I've come to realize, with him I gained a false sense of worthiness for a while. With him by my side I had a purpose. I'm still working through this part, but I realized on some level I convinced myself I needed him and the relationship in order to have meaning.
But the thing was, his love was conditional. Conditional love can't help you to find your self-worth.
I thought if I could just dress better and stop wearing cotton t-shirts he’d want me back. If I could own nicer sneakers then he’d value me, and my feelings, more. If I showed up on meet day weighing in less and looking better, then he’d talk to me again.
If I could prove how much I’ve changed then I’d be worthy of his love. If I could be a little less sensitive, communicate more effectively, handle brutal honesty a little better, then he would love me again. But conditional love never lasts.

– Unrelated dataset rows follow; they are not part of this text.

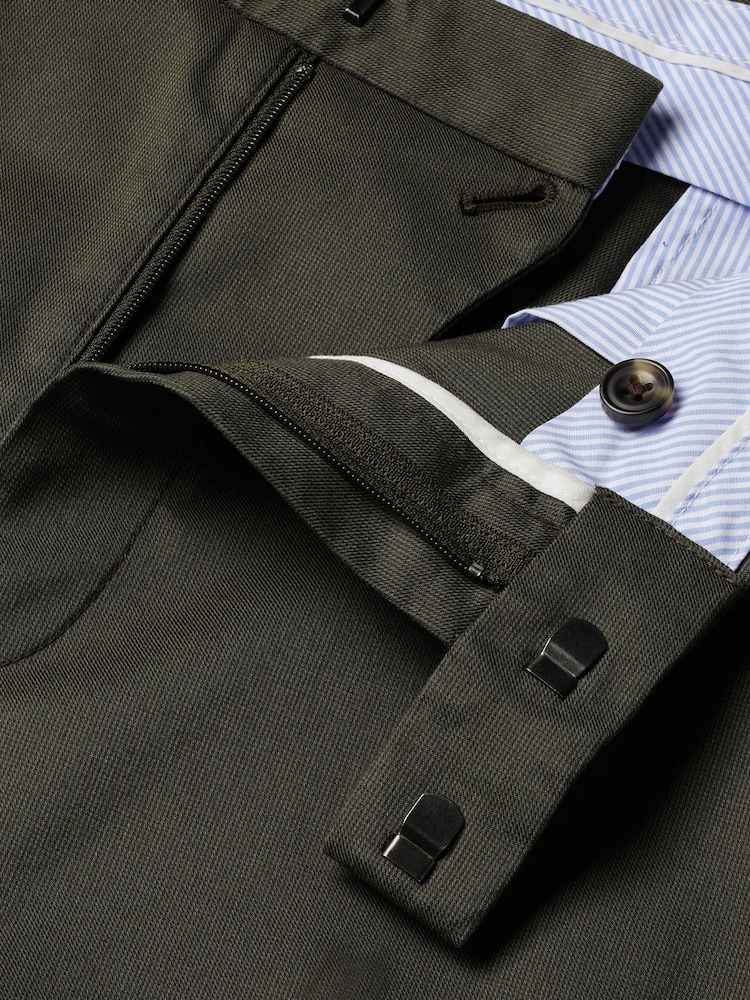 Charles Tyrwhitt Green Classic Fit Smart Texture Trousers - Image 5 of 5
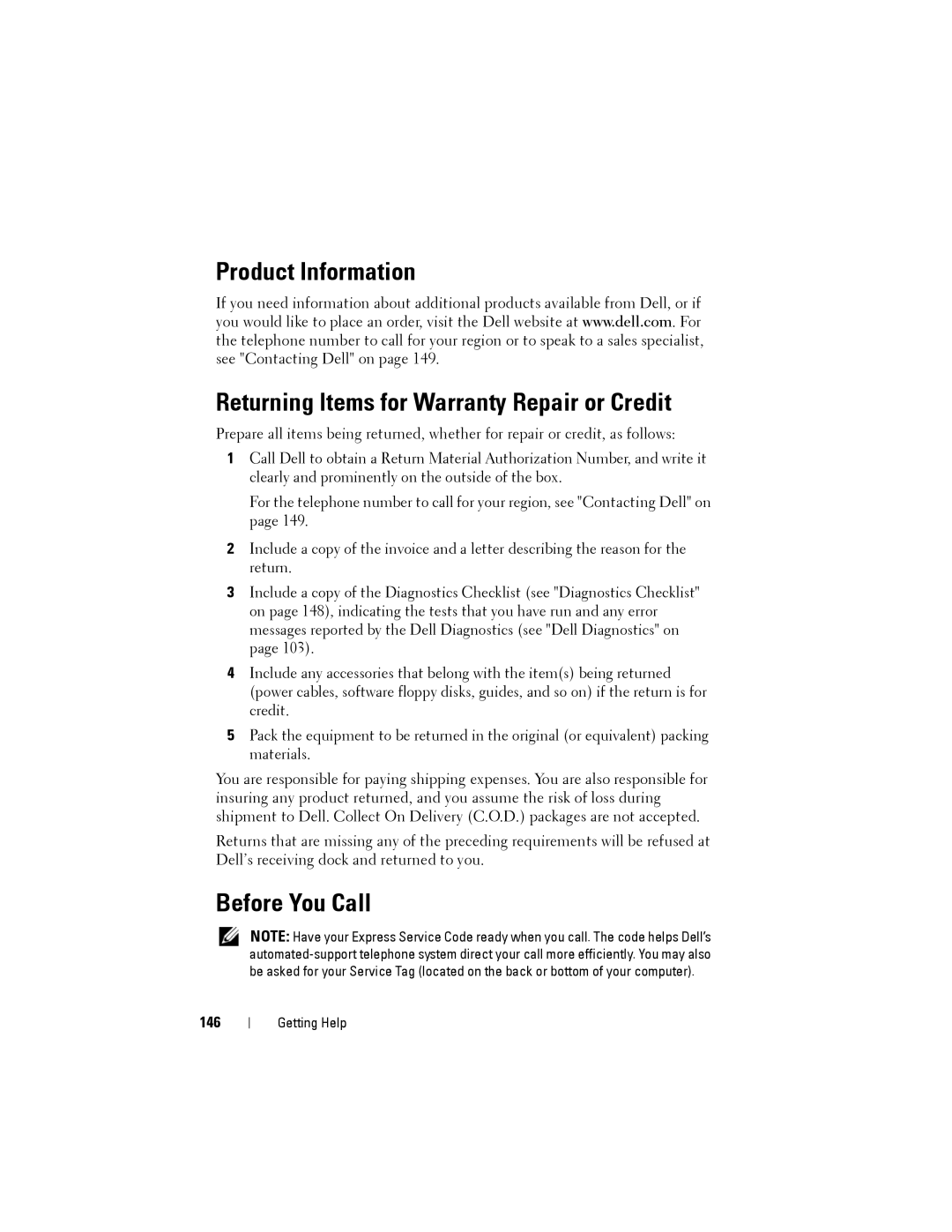 Dell JU373 manual Before You Call, 146 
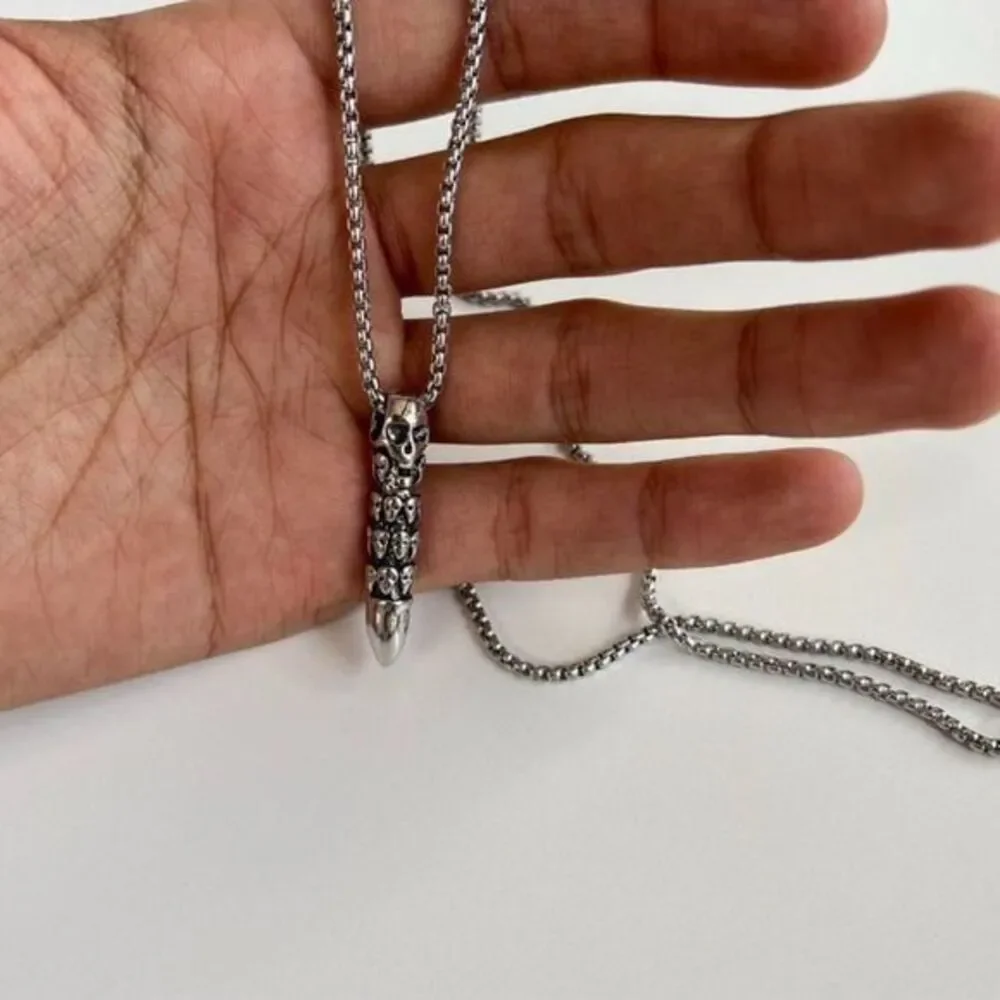 Y2K 2000s grunge heavy metal punk gothic emo skull bullet pendant necklace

So I lost my mind. Or so I thought I did. But I think I reacted how most people would after they’d finally had enough of conditional love.
Because the build up hadn’t started just months ago, it started years ago. Looking back at the majority of my relationships with males, I had always been loved conditionally. Most of the time I hadn’t realized it.
He was right; I don’t need him to let me know I am worthy of being alive. Would it had made me feel better in the moment? Yes. But it wouldn't have solved my self-worth issues for me. I don’t need anyone to let me I am worthy of being alive. I need to start believing it for myself.
As I write this, a part of me is questioning if I’m making excuses “Well he didn’t love me unconditionally so of course I snapped”. I question if others will think the same. But the truth is, it isn’t his fault. Not at all. It’s no one’s fault. My lack of self-worth built up over a long time. For years I let others use me. I allowed them to make me feel small and unworthy. I didn’t walk away at times I should have. But I only started to realize this within the last year. You can't change what you aren't conscious of. But this time around I am conscious. I consciously watched myself lose it, and I'm glad I did.
Something that has built up over 26 or so years can’t be undone in one. I needed this breaking point to realize how bad it had become. And how much work I have to do.
So while a part of me feels like I lost my mind, another part of me feels like I gained it.